Sentencing more biased by race than by class
Yesterday I was super happy to be passed along this amazing blogpost from lawyerist.com called Uncovering Big Bias with Big Data and written by David Colarusso, a lawyer who became a data scientist (hat tip Emery Snyder).
For the article, David mines a recently opened criminal justice data set from Virginia, and asked the question, what affects the length of sentence more: income or race? His explanation of each step is readable by non-technical people, it’s a real treasure.
And, unsurprisingly to those of us who have thought about this, the answer he came up with is race, by a long margin, although he also found that class matters too.

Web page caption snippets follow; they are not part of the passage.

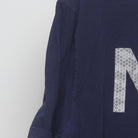 Close-up of the sleeve on the Vintage 2010s Nike "Block Logo" T-Shirt - XL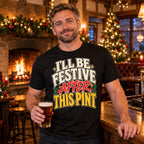 Man wearing the Bold Lettering design black t-shirt at the bar of a cosy British village pub at Christmas with an open fire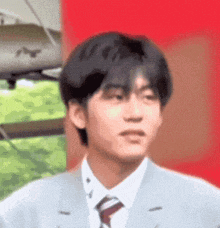 a young man wearing a suit and tie is making a funny face .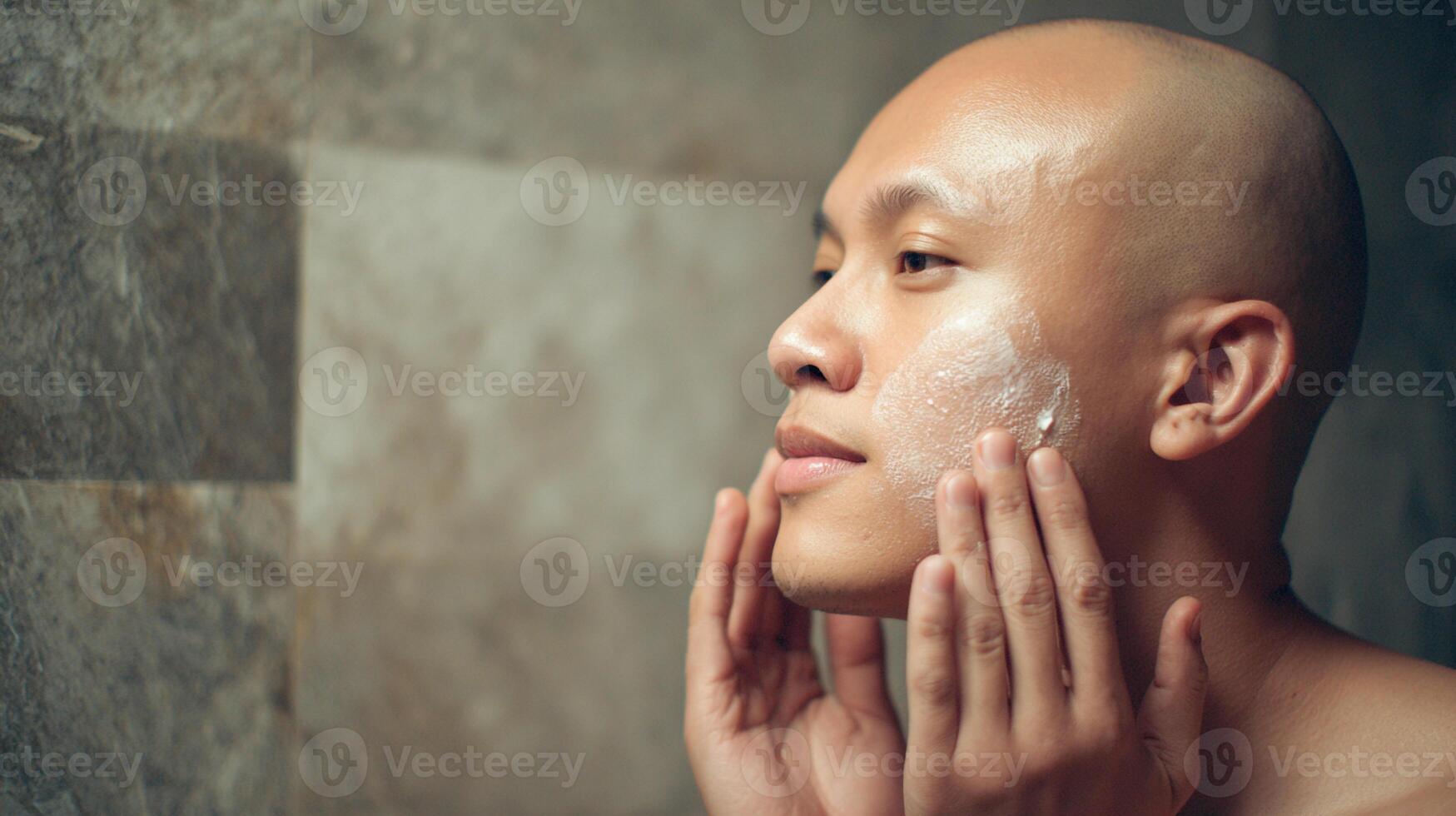 Non binary person applying skincare product while standing in modern bathroom with stone walls during evening routine photo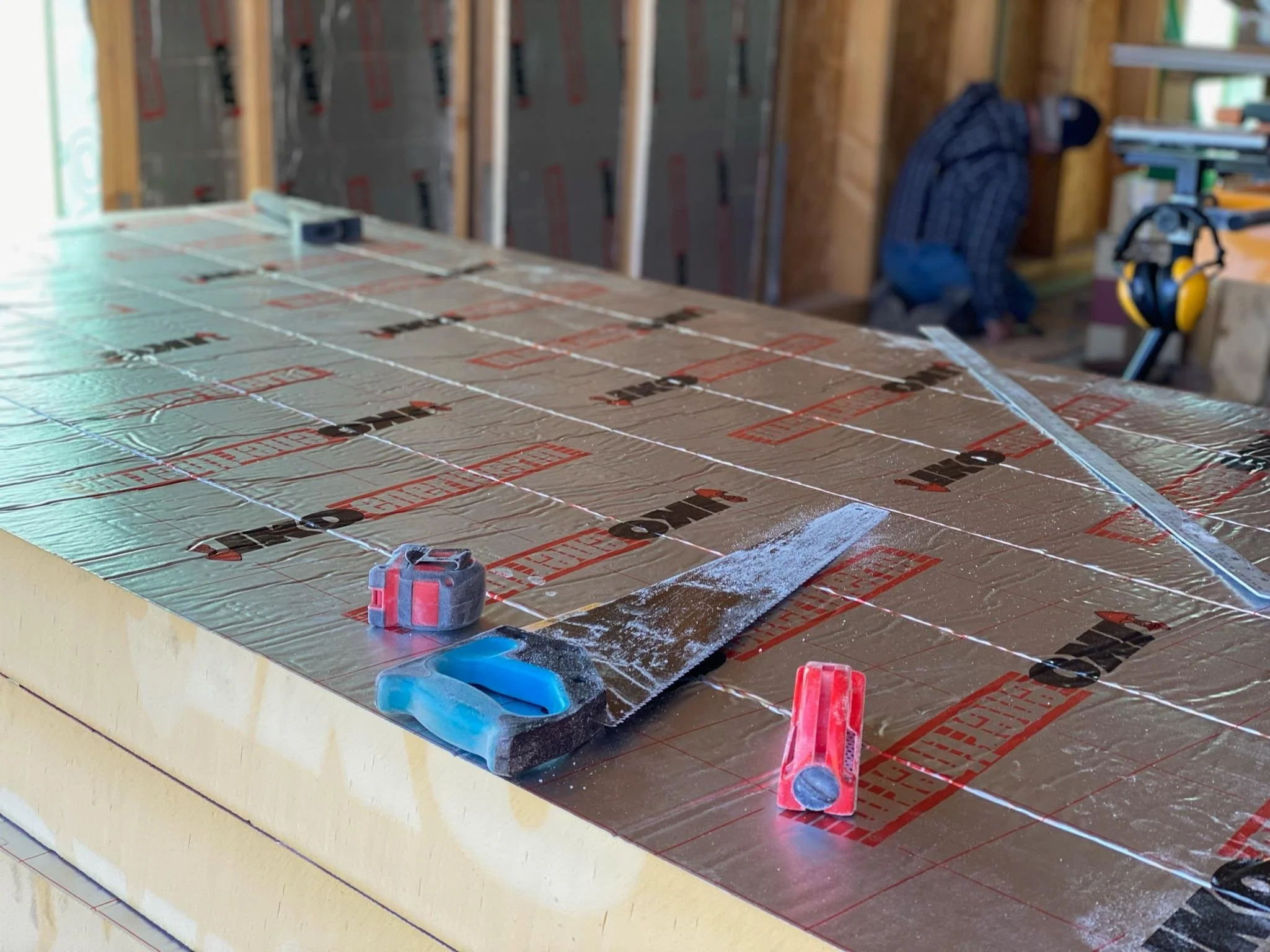 A construction site indoor with a partially finished wall and a work table covered with insulating foil material. Construction tools and safety equipment are visible around the area.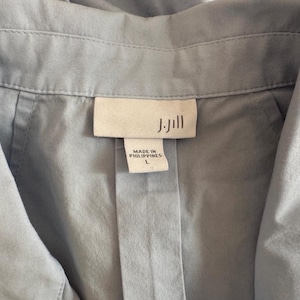 May include: Close-up of a light blue shirt collar with a label that reads "J.Jill" and "MADE IN PHILIPPINES L". The shirt is made of a soft, lightweight fabric.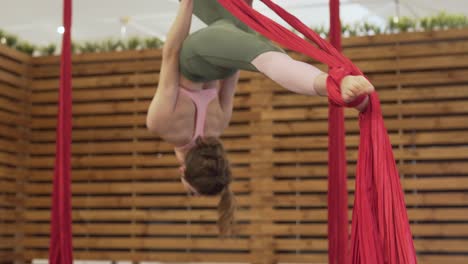 chica en forma vestida con leggins ajustados y top rosa practicando fly yoga-fitness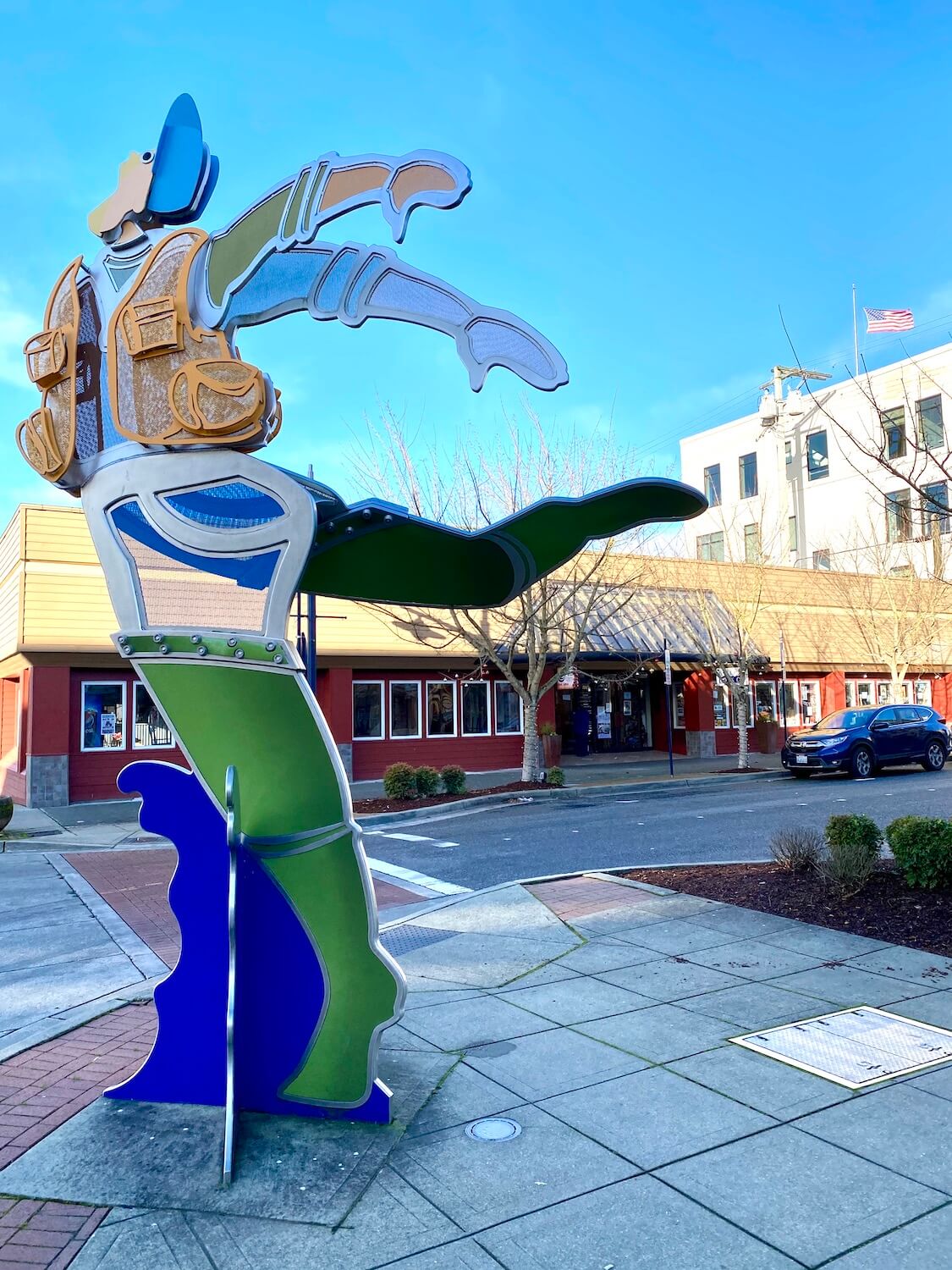 A brightly covered art installment along Pacific Avenue in downtown Bremerton.  An American flag waves in the background under a blue sky. 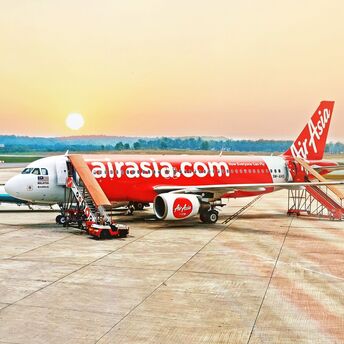 AirAsia airplane on the tarmac at sunset 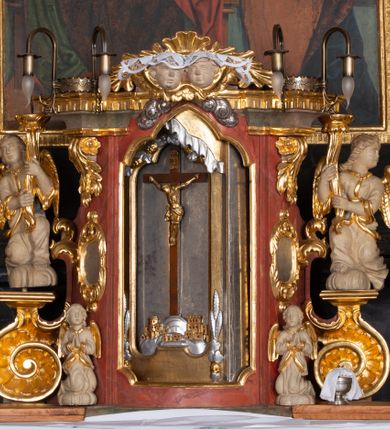 Zdjęcie nr 4: Ołtarz trójosiowy, dwukondygnacyjny z bramkami o formach architektonicznych, uszaty. Mensa murowana, prostopadłościenna z drewnianym antepedium ujętym profilowaną ramą z malowaną dekoracją roślinną. W polu malowane na płótnie przedstawienie adoracji Najświętszego Sakramentu. Tabernakulum w formie prostopadłościanu, o wypukłej ściance frontowej, ujętej pilastrami o kapitelach w formie akantowych konsol podtrzymujących pełne belkowanie. Na trzonach owalne lustra w akantowych ramach. W zwieńczeniu dwie uskrzydlone główki anielskie. Na metalowych drzwiczkach krucyfiks oraz kielich z hostią w otoczeniu winnych gron i kłosów (na odwrociu). Naroża tabernakulum flankuje para aniołów ustawionych na wolutowych konsolach. Nastawa umieszczona na wysokim cokole z bramkami mieszczącymi obrazy Chrystusa w typie Ecce Homo (z lewej) oraz Matki Boskiej Bolesnej (z prawej). Cokół artykułowany wysokimi postumentami, na których ustawione są kolumny. W polach postumentów złocona dekoracja akantowa. Kondygnacja pierwsza trójosiowa, artykułowana złoconymi kolumnami o korynckich kapitelach, ujęta srebrzonymi akantowymi uszami (suchy akant). Kolumny dźwigają pełne belkowanie, wyłamane na osiach podpór oraz odcinki przyczółka, na których siedzą figury aniołów w białych szatach. Dodatkowo, w osiach kolumn umieszczone mniejsze figury klęczących aniołów (osie wewnętrzne) oraz marmoryzowane, owalne kartusze ujęte złoconymi ramami z ornamentem małżowinowo-chrząstkowym (osie zewnętrzne). W partii fryzu złocone rozetki oraz marmoryzowane, owalne kartusze ujęte złoconym akantem. Gzyms profilowany, dekorowany dodatkowo złoconym kimationem. W polu środkowym prostokątny obraz przedstawiający Rodzinę Marii. Na zasuwie umieszczony obraz z wizerunkiem św. Katarzyny Aleksandryjskiej. Powyżej, w osi ołtarza obraz ze sceną Koronacji Marii, o nieregularnym kształcie w akantowej ramie, zwieńczonej koroną. W osiach bocznych umieszczone skrzydła boczne dawnego, gotyckiego tryptyku z wizerunkami św. Jana Chrzciciela i św. Barbary (z lewej) oraz św. Stanisława biskupa i św. Katarzyny Aleksandryjskiej (z prawej). Zwieńczenie ołtarza w formie edikuli ujętej złoconymi, korynckimi kolumnami oraz złoconymi, akantowymi uszami. Po bokach niewielkie figury klęczących aniołów. Podpory dźwigają wyłamane belkowanie dekorowane kimationem i rozetkami, łukowato wyginające się w osi ołtarza. W polu obraz w kształcie stojącego prostokąta zamkniętego łukiem półkolistym ze sceną Zwiastowania. Całość zwieńczona srebrzonym baldachimem z podwieszonej tkaniny przewiązanej złotym sznurem ze złoconą koroną umieszczoną na szczycie. Struktura ołtarza marmoryzowana w odcieniu ciemnoszarym, profile i płyciny na filarach marmoryzowane w kolorze bordowym, ornamentyka złocona i posrebrzana.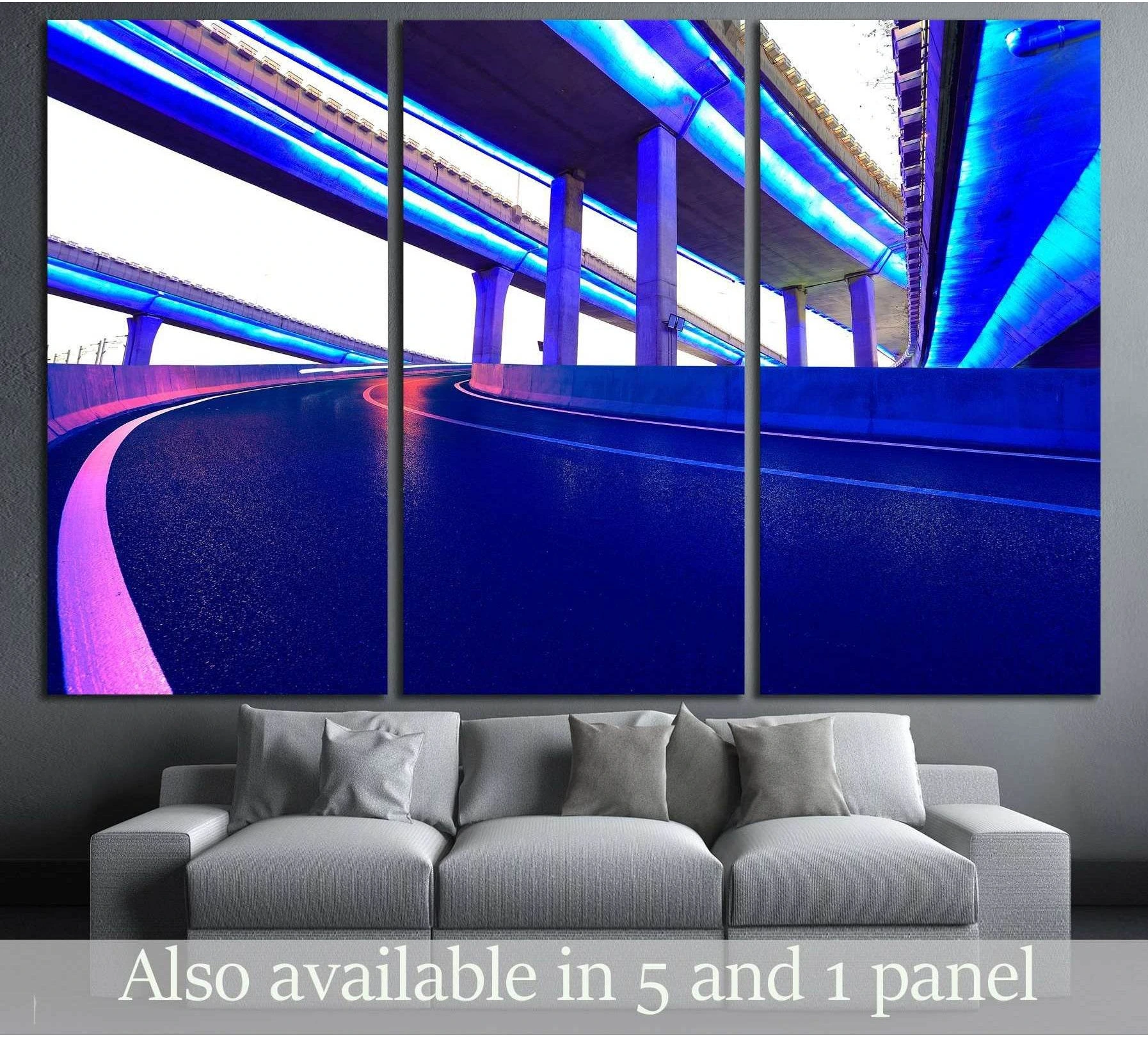 Neon highway overpass canvas print with blue and purple night city lines above a sofa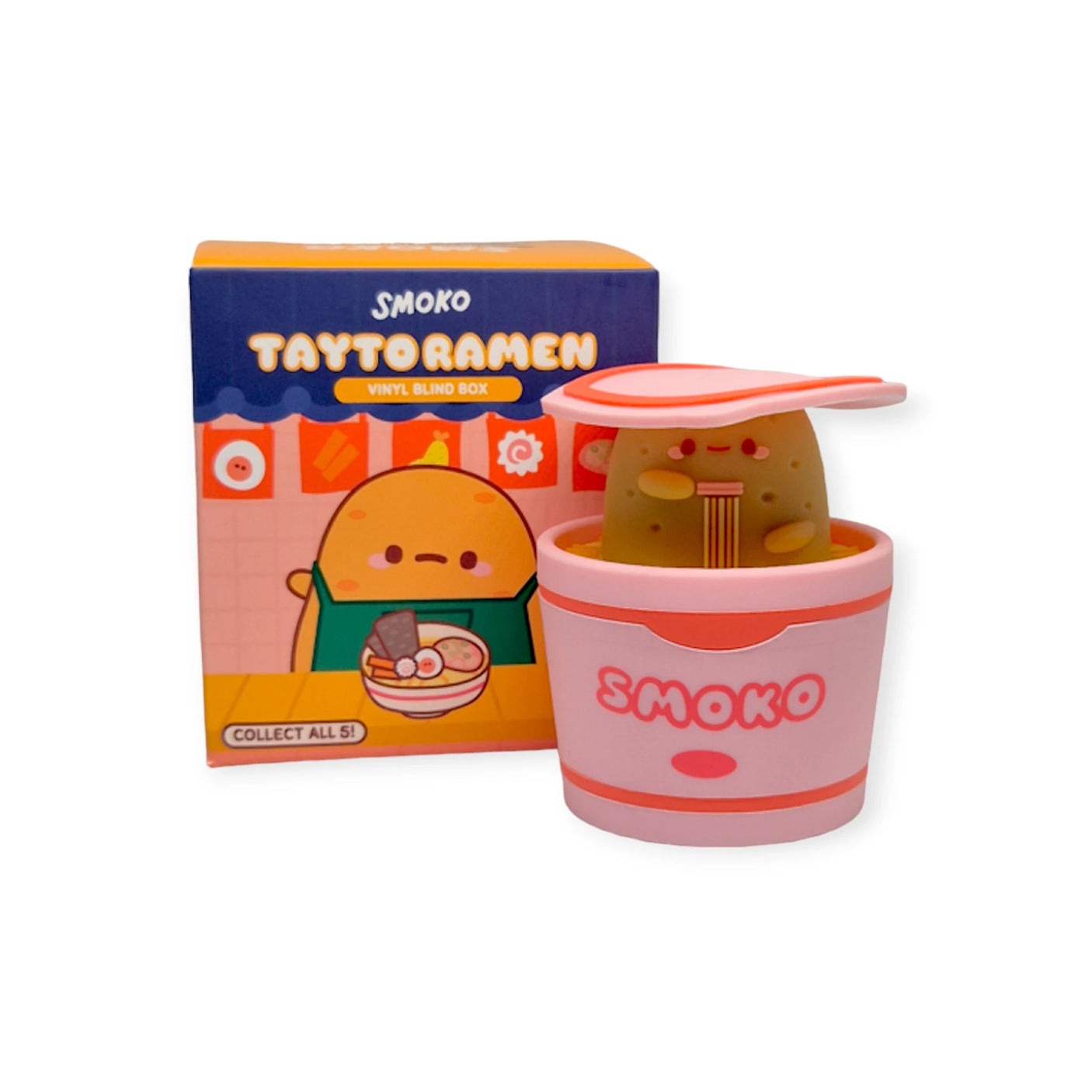 The Smoko Tayto Ramen Blind Box includes a vinyl figure of Tayto in a ramen cup, and its packaging features the charming design and whimsical artwork with "Smoko" prominently displayed.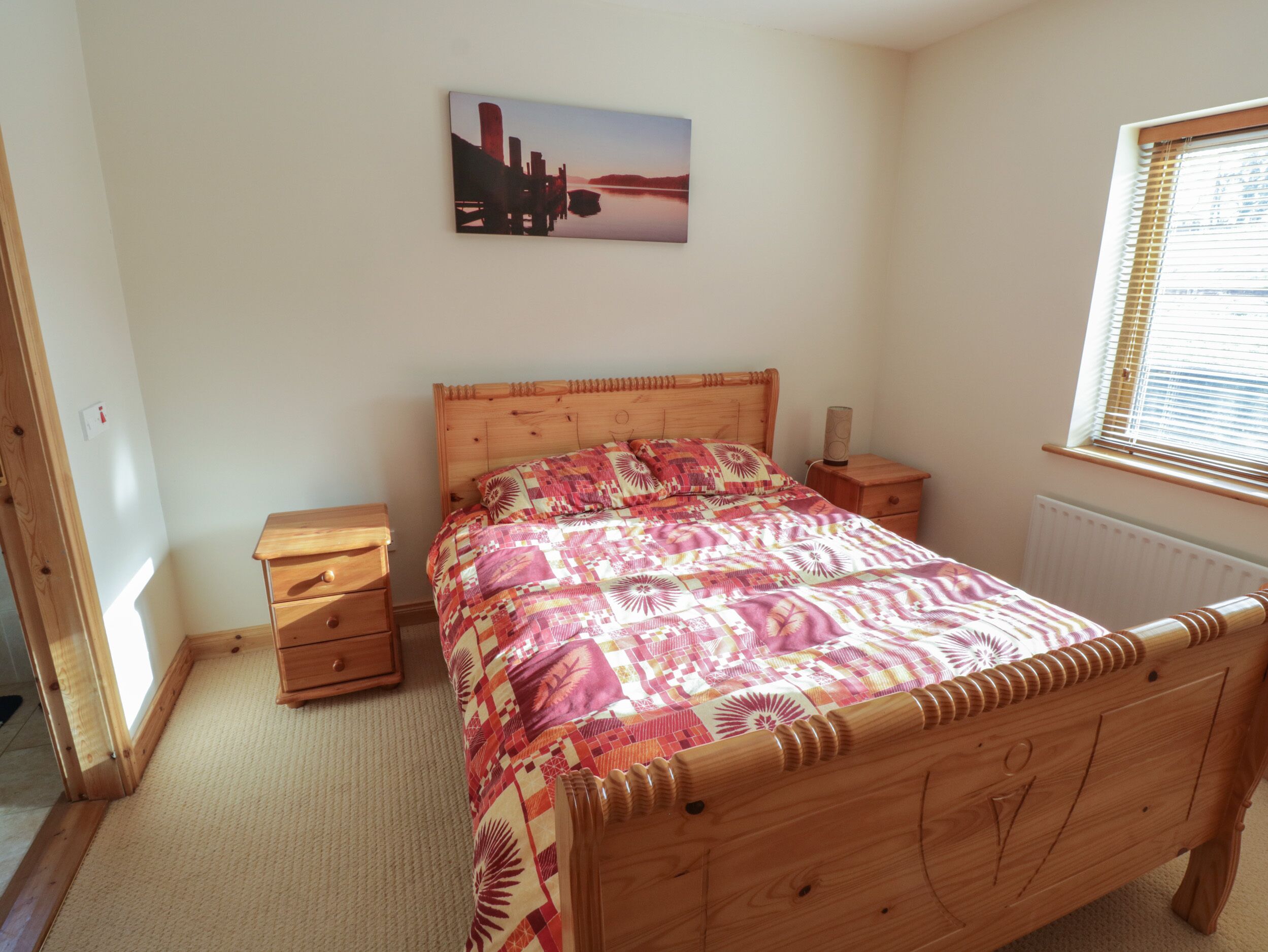 A bedroom with a wooden bed, a bedside table, a nightstand, a radiator, and a window with blinds.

In particular he fit his data with the outcome variable set to length of sentence in days – or rather, log(1 + that term), which he explains nicely – and he chose the attributes to be the gender of the defendant, a bunch of indicator variables to determine the race of the defendant (one for each race except white, which was the “default race,” which I thought was a nice touch), the income of the defendant, and finally the “seriousness of the charge,” a system which he built himself and explains. He gives a reasonable explanation of all of these choices except for the gender.
For a black man in Virginia to get the same treatment as his Caucasian peer, he must earn more than
half a million dollars$90,000 a year.
This sentence follows directly from staring at this table for a couple of minutes, if you imagine two defendants with the same characteristics except one is white and the other is black:
I am so glad people are doing this. Compared to shitty ways of using data, which end up doubling down on poor and black folks, this kind of analysis shines a light on how the system works against them, and gives me hope that one day we’ll fix it.